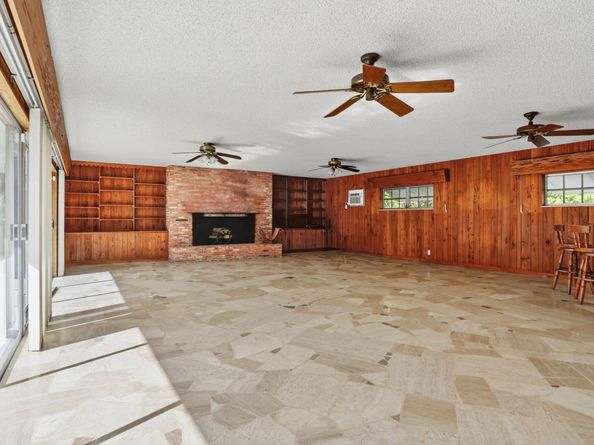 2541 Middle River Drive, Fort Lauderdale FL 33305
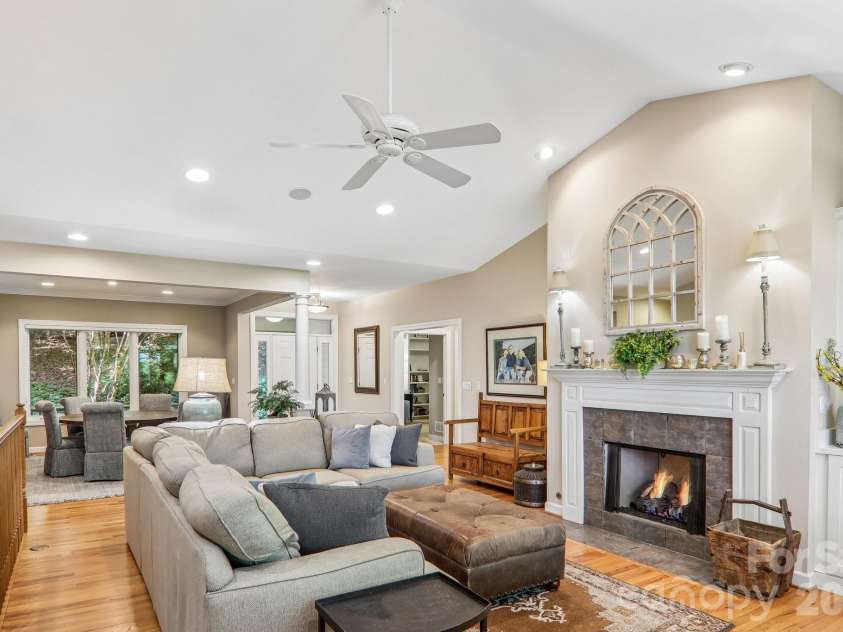 24 Turkey Roost Court, Flat Rock, NC 28739.  MLS# CAR4402164, YatesRealty ID 39835. 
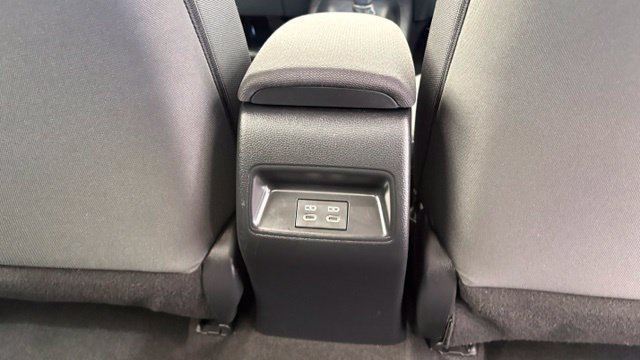 Used 2024 Toyota Corolla LE FWD image 28
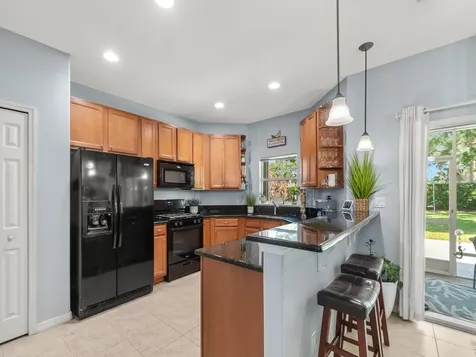 521 N Valencia Circle SW Vero Beach FL 32968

_EXERCISE OBJECTIVE_: The reply should contain every line of the material exactly, and no images.

_TASK OUTPUT_:
 2541 Middle River Drive, Fort Lauderdale FL 33305
 24 Turkey Roost Court, Flat Rock, NC 28739.  MLS# CAR4402164, YatesRealty ID 39835. 
 Used 2024 Toyota Corolla LE FWD image 28
 521 N Valencia Circle SW Vero Beach FL 32968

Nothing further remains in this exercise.